Corner backs make the magic happen in Kilkenny hurling free-for-all
Ballyhale Shamrocks 3-19 O'Loughlin Gaels 3-15
The problem with Ballyhale Shamrocks is that they have you every way.
You stop one bullet and they'll find another. If you'd told Andy Comerford this morning that his O'Loughlin Gaels full-back line would only concede one point score to Colin Fennelly, Eoin Cody and Eoin Reid then he'd have probably laughed. He'd have smiled and surely he'd have thought to himself 'I'm about to become a county title winning manager here.'
But the brilliance of Ballyhale Shamrocks is their depth and the beauty for the four-in-a-row Kilkenny senior hurling champions is that they have match-winners in every corner. On a sun-kissed Sunday in November, their match-winners were Ronan Corcoran, Joe Cuddihy and Brian Butler.
Less-heralded yes, lesser-lights maybe, crucial cogs in the Ballyhale wheel, absolutely. A wise GAA person once said that the fella to watch is the fella you know nothing about and it was the men O'Loughlin Gaels knew nothing about that ripped their county championship dream away. Corcoran scored 0-3 from play and was man-of-the-match. In his first year on the team, Cuddihy scored 1-1 and hurled well but best 'til last, having defended resolutely all day, Brian Butler roved up the field for a finish to score a corker of a match-clinching goal. He's only a corner back but as we all know, they're a different proposition these days.
By that stage and with the Shamrocks out of sight, Comerford must surely have stopped to think to himself how can you prepare for something like that?

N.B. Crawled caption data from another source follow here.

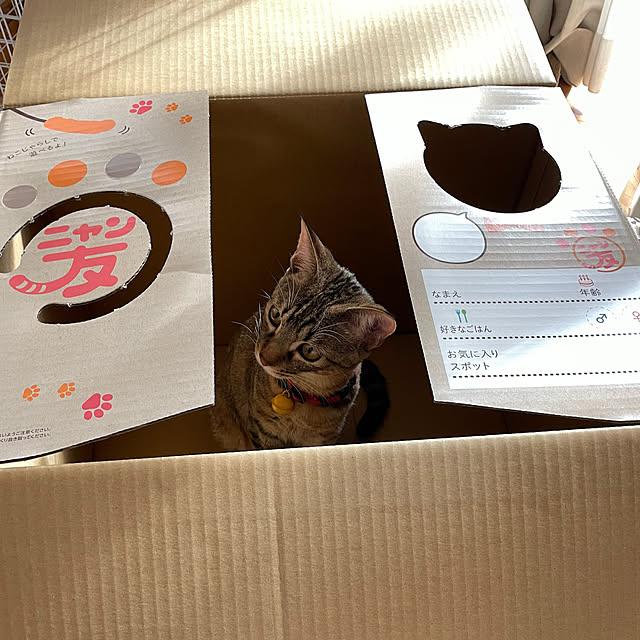 niko.mamさんの部屋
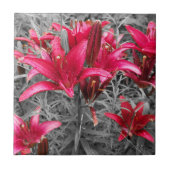 Rosa Taglilien Blume Fliese (Vorderseite)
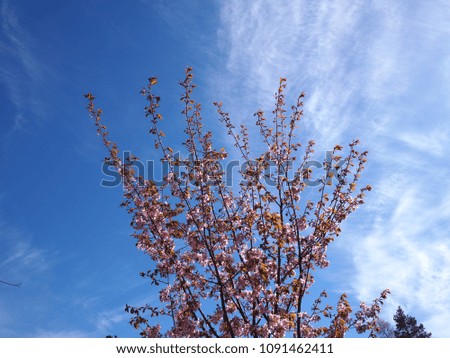 Cherry blossom tree and blue sky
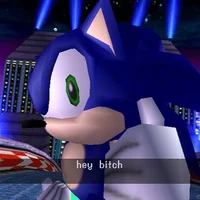 sonic swears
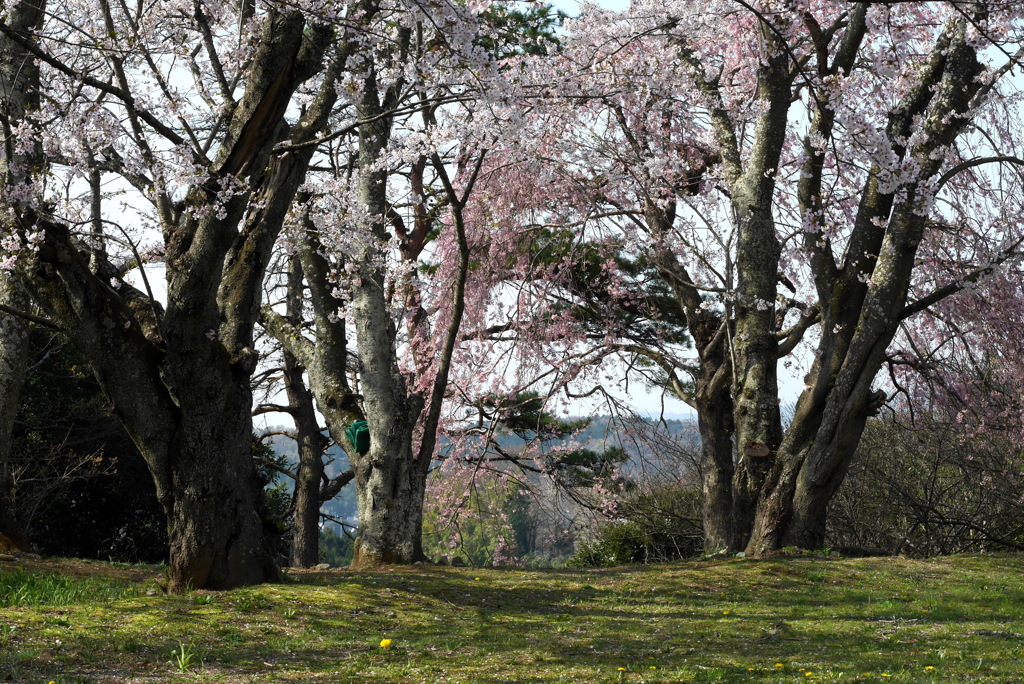 写真掌編：桜の下で ９：高校の桜６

Ballyhale corner back Brian Butler showed all the composure of an inter-county corner forward to score the goal that won the Shamrocks their 19th Kilkenny titlepic.twitter.com/sZCrmOtXvm
— GAA JOE (@GAA__JOE) November 7, 2021
This county final started at such a helter-skelter tempo that you were fully convinced the referee had swallowed his whistle. The hits and tackles and knocks were so fast and frenetic at that stage that before the clock had struck 5, the ref could easily have blown about ten times. Instead, he'd stopped the game twice, reluctantly, and up in the Nowlan Park stands, you could almost sense Brian Cody rubbing his hands with glee.

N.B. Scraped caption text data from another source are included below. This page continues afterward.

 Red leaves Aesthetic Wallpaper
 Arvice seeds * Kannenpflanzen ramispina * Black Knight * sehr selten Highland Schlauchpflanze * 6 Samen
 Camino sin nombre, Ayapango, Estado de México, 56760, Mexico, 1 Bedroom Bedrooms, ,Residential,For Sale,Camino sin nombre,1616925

This was hard hurling, it was no-holds-barred and if you hadn't known before, you certainly knew now that playing senior hurling in Kilkenny is not for the faint-hearted.
Anthony Forristal is certainly not lacking in that department and when the O'Loughlin's big, burly and evergreen full back horsed Colin Fennelly out of it early on, it was like a shot in the arm for his fellow underdogs. From his lead, the brilliant Jordan Molloy and Cian Loy followed as they began to rattle their vaunted opponents.

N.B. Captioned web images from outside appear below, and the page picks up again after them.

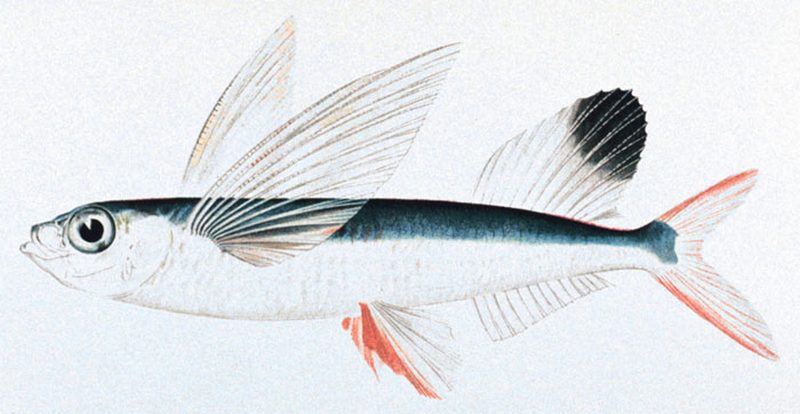 Летучая рыба тихоокеанская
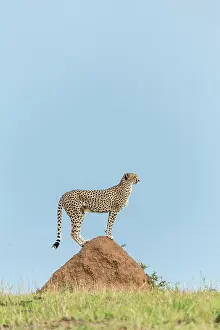 Generic: Kenya, Masai-Mara game reserve, cheetah (Acinonyx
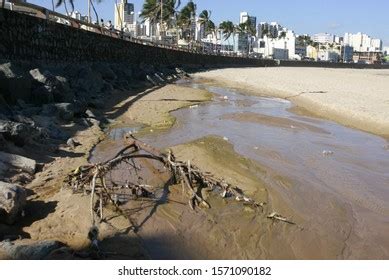 12 Pollution Brazil Pouring Into Ocean Images, Stock Photos & Vectors ...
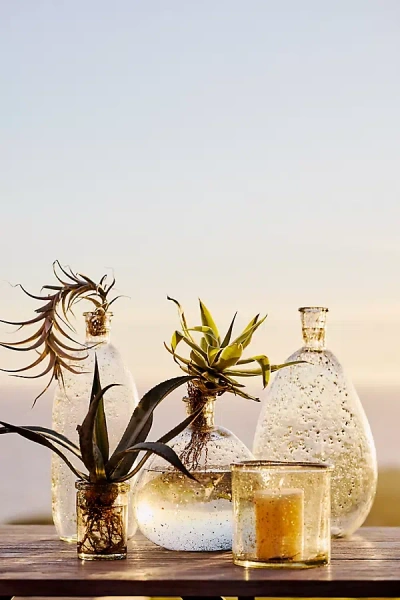 Terrain Rustic Bubble Glass Vase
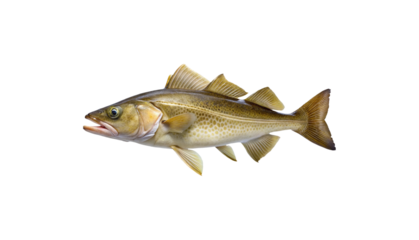 A Detailed View of a Freshly Caught Cod Fish Isolated on transparent background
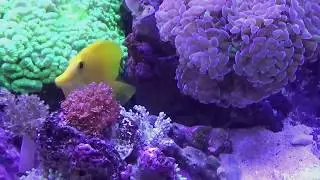 Reef Tank 2018 , Meditation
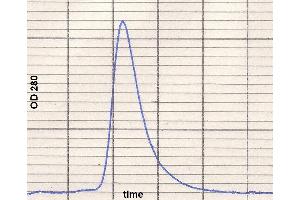 product purity: gel permeation chromatography (Superose 12/HR) (IgE Protéine)
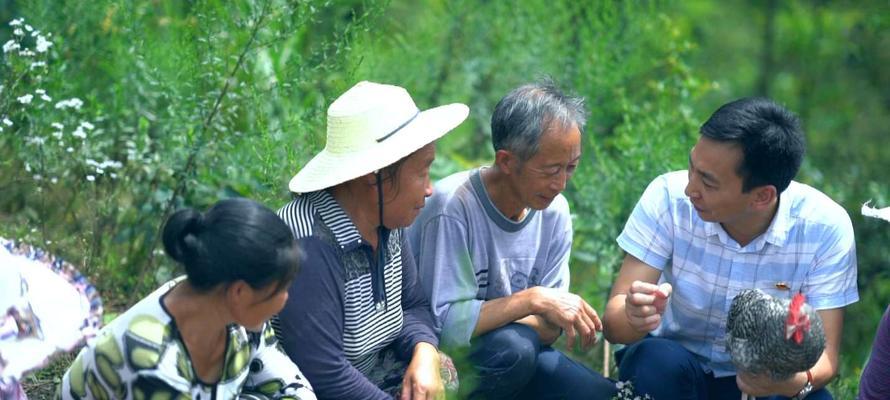 玩转二战风云传芦花开局攻略（一步步教你成为游戏高手）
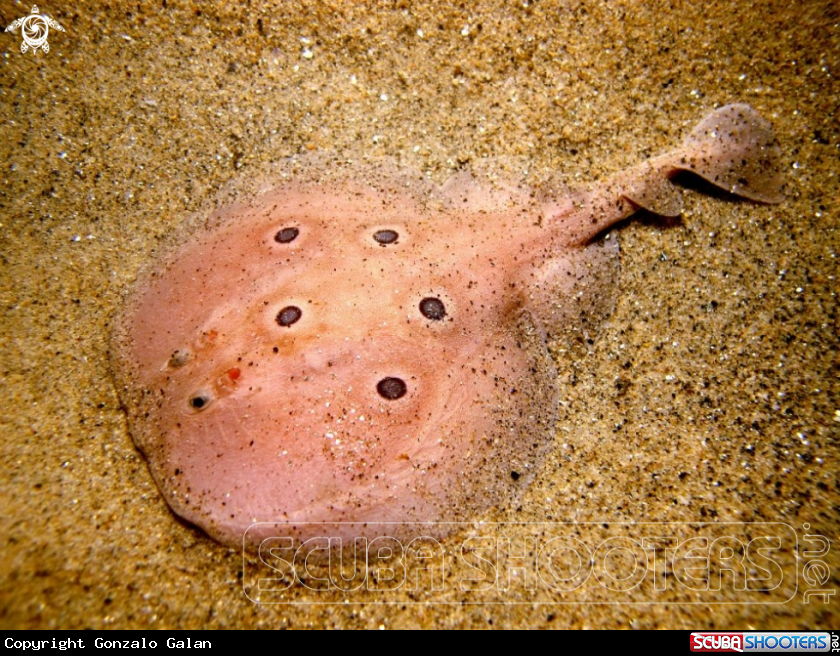 A Torpedo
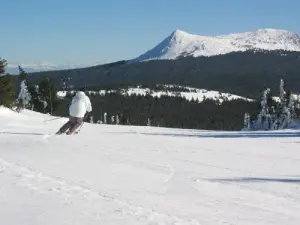 Alpineskiën bij Les Estables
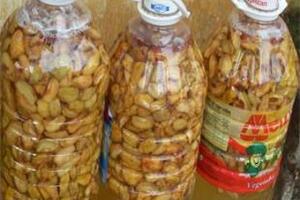 Táo mèo (sơn tra), vị thuốc quýTheo y học cổ truyền, táo mèo (sơn tra) có tác dụng: Tiêu thực hóa tích, hoạt huyết tán ứ.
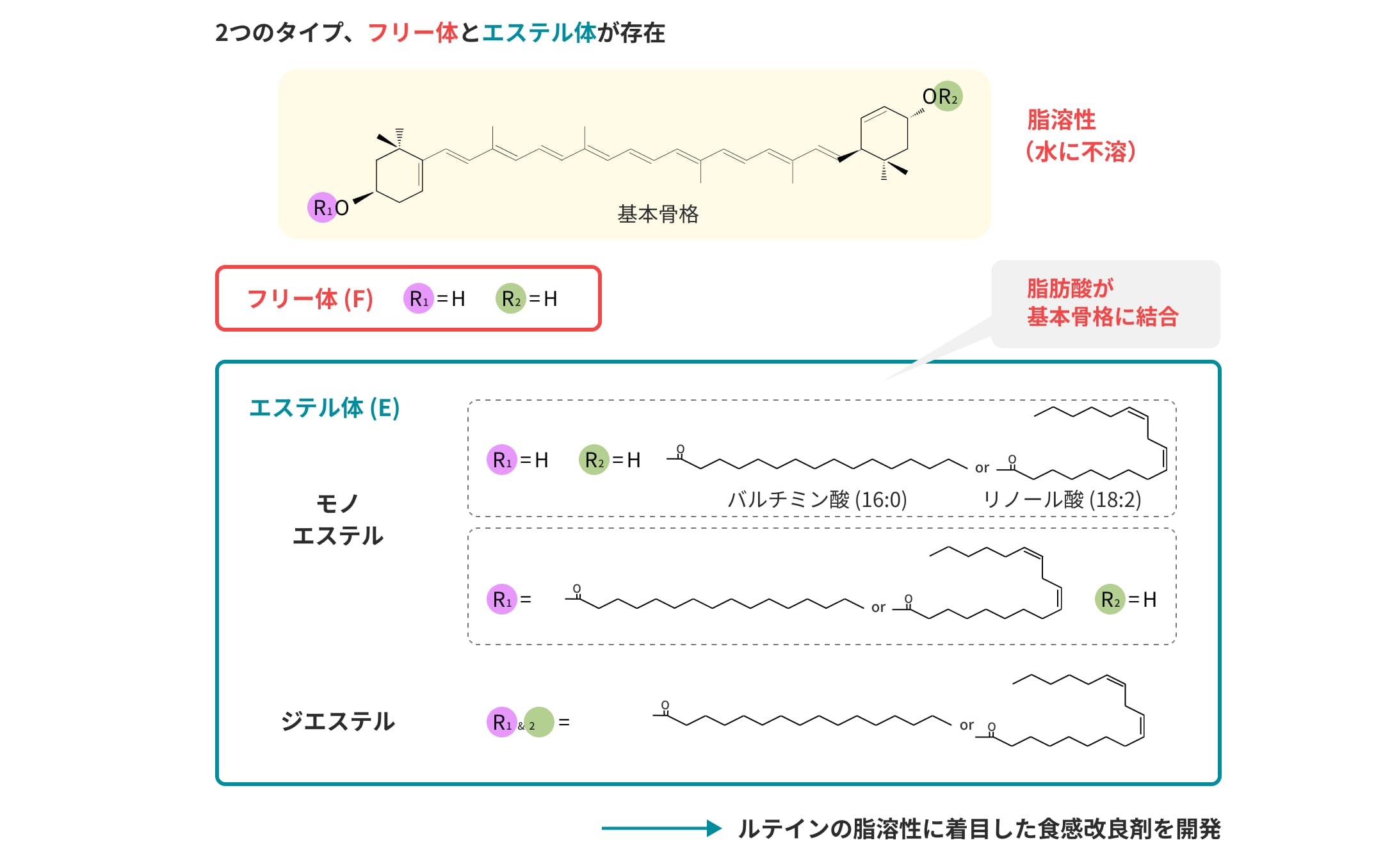 分子構造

Up the other end, with his fast footwork and snappy shooting, corner forward Owen Wall was causing no end of problems for the Ballyhale rearguard and his early goal had them believing. Alongside him, Paddy Deegan certainly believed. A corner back for his county, Deegan was like a calf let loose here as he ran riot up in the forwards. In between all the tackles and hits and the 2-4 from play he ended his with, you thought to yourself it's amazing how skilful you have to be to be a county corner back these days.
O'Loughlins kept their foot on the gas up to the break and were well deserving of their three point lead. But having gone for goal ten minutes into the second half when a point should have been taken, Joseph Cuddihy punished the town team with a goal that felt like a game-changer. When Adrian Mullen rattled the net again less than two minutes later, the Gaels would only have had to open their eyes again to know that this game had changed big-time now.
From there, TJ grew into it more and more. Corcoran made the ball talk, Butler did his thing and the referee never found his whistle. Deegan and O'Loughlins never gave up but this is Ballyhale's county.